Hello,
We’re currently operating a production IPFS cluster consisting of three nodes. Our setup is as follows:
- Master Node: This node is responsible for handling application file uploads and IPNS publishing.
- Read Nodes: These two nodes serve as gateways to the public network and are positioned behind a load balancer.
All nodes run on Docker, with an IPFS-Cluster image managing pinning across all nodes. We handle a significant volume of files and approximately 20,000 IPNS names.
Problem Description
As our application usage increased, we’ve encountered several persistent issues.
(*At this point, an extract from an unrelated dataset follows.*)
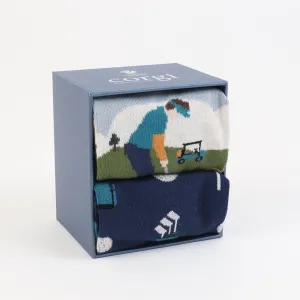 Men's 2-Pair Golf Cotton Socks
Our master node crashed regularly. After each crash, IPNS records did not recover automatically. To address this, we implemented a manual republishing system that republishes IPNS names every 24 hours. We also manage to fix the crashing issues by setting up connection manager and removing master node from public internet network (does not work as a GW anymore).
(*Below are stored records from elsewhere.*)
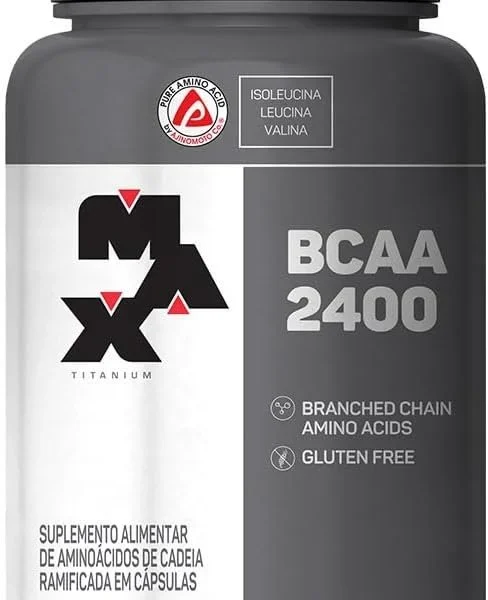 BCAA 2400-100 Cápsulas – Max Titanium, Max Titanium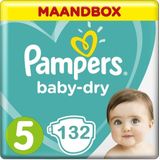 Pampers Baby Dry Maat 5 - 132 luiers Maandbox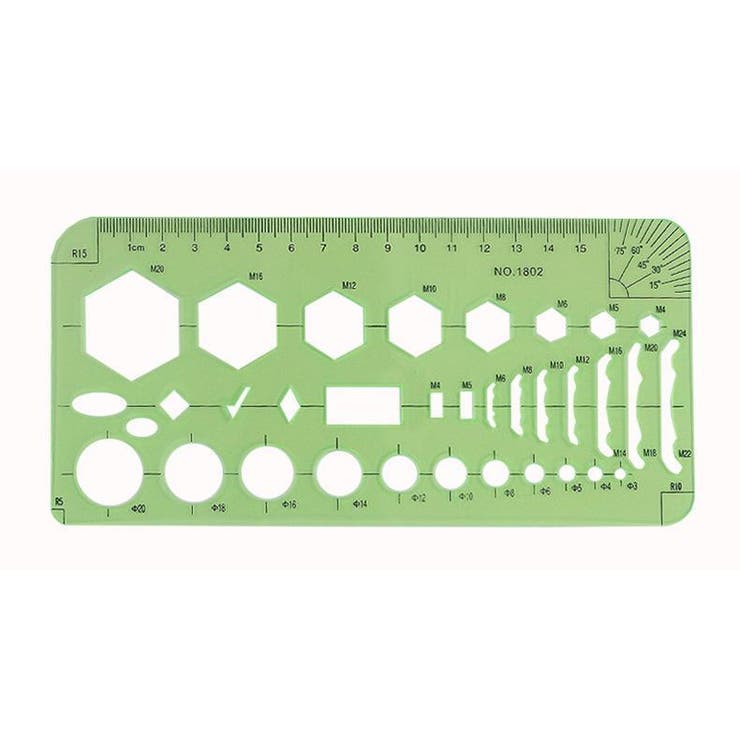 図形テンプレート定規 パターンプレート 文房具 | PlusNao | 詳細画像4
As our master node is not rebooting anymore we are now facing with another IPNS Resolution Failure: Despite our republishing system, IPNS names eventually fail to resolve on the read nodes. The only way to restore functionality is to reboot the master IPFS node (via Docker reset) and then restart the IPNS republishing process.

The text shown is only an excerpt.